This Day in History: Economist Murray Rothbard was born on this day in 1926. Wikipedia describes him as a heterodox economist of the Austrian School. Heterodox economics is any economic thought or theory that contrasts with orthodox schools of economic thought. However, the mainstream (orthodox) economic thought presently advocates for endless money printing (stimulus), so we may need some heterodox thinking in this field.
Rothbard had no regard for Government, and he argued that all services provided by the "monopoly system of the corporate state" could be provided more efficiently by the private sector and wrote that the state is "the organization of robbery systematized and writ large". He called fractional-reserve banking a form of fraud and opposed central banking. He categorically opposed all military, political, and economic interventionism in the affairs of other nations. Rothbard expanded on his view of Government, especially in his "For a New Liberty" (1973), "Anatomy of the State" (1974), and "The Ethics of Liberty" (1982). Rothbard showed how “the State is nothing more nor less than a bandit gang writ large…”
Though he authored many books, Rothbard considered Ayn Rand's Atlas Shrugged "an infinite treasure house" and "not merely the greatest novel ever written, [but] one of the very greatest books ever written, fiction or nonfiction". It should be noted that he did not often get along with Rand.
Here are some quotes from Murray Rothbard:
“The State says that citizens may not take from another by force and against his will that which belongs to another. And yet the State…does just that.”
“The State is an inherently illegitimate institution of organized aggression, of organized and regularized crime against the persons and properties of its subjects… a profoundly antisocial institution which lives parasitically off of the productive activities of private citizens.”
“Since the State necessarily lives by the compulsory confiscation of private capital, and since its expansion necessarily involves ever-greater incursions on private individuals and private enterprise, we must assert that the state is profoundly and inherently anti-capitalist.”

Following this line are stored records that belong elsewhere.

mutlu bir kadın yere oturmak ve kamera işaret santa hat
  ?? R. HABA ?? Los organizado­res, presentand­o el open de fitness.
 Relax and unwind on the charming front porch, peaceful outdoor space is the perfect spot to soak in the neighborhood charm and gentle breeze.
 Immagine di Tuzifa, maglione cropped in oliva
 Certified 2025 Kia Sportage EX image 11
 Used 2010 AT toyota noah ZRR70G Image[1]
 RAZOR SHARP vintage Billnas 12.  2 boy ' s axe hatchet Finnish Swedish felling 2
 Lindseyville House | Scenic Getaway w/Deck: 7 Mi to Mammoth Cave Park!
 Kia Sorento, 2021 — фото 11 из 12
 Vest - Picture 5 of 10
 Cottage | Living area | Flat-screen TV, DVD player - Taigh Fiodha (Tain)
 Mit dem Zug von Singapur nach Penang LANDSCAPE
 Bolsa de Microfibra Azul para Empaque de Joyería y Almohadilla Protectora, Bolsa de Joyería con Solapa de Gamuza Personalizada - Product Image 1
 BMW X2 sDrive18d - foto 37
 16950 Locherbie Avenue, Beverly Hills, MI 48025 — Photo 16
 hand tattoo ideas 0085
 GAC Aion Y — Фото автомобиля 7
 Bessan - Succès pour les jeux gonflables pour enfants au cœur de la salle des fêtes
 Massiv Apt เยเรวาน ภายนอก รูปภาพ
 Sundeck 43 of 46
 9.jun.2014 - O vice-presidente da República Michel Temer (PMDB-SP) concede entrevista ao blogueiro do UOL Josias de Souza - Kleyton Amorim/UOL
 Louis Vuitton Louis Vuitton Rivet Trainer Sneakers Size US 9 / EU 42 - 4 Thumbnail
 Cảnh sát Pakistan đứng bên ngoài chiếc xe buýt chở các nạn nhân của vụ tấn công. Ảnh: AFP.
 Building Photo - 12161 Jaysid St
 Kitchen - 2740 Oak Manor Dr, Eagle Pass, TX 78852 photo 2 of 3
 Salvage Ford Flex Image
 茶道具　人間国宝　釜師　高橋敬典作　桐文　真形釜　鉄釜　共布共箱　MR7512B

“We must, therefore, emphasize that ‘we’ are not the government; the government is not ‘us.’ The government does not in any accurate sense ‘represent’ the majority of the people.”
“The State uses its coerced revenue, not merely to monopolize and provide genuine services inefficiently to the public, but also to build up its own power at the expense of its exploited and harassed subjects.”
“The State is a coercive criminal organization that subsists by a regularized large-scale system of taxation-theft.”
“The wry coupling of the twin certainties in the popular motto ‘death and taxes’ demonstrates that the public has resigned itself to the existence of the State as an evil but inescapable force of nature to which there is no alternative.”
“There is no reason to assume that a compulsory monopoly of violence, once acquired…by any State rulers, will remain ‘limited’ to protection of person and property. Certainly, historically no government has long remained ‘limited’ in this way.”
“Government was constructed neither for ability nor for the exercise of loving care; government was built for the use of force and for necessarily demagogic appeals for votes.”
“It is easy to be conspicuously ‘compassionate’ if others are being forced to pay the cost.”
“If mankind is diverse and individuated, then how can anyone propose equality as an ideal?...But what justification can equality find in the nature of man? If each individual is unique, how else can he be made ‘equal’ to others than by destroying most of what is human in him and reducing human society to the mindless uniformity of the ant heap?”
I often wonder what the great libertarian minds of the past would think of today's tech giants and their repressive actions?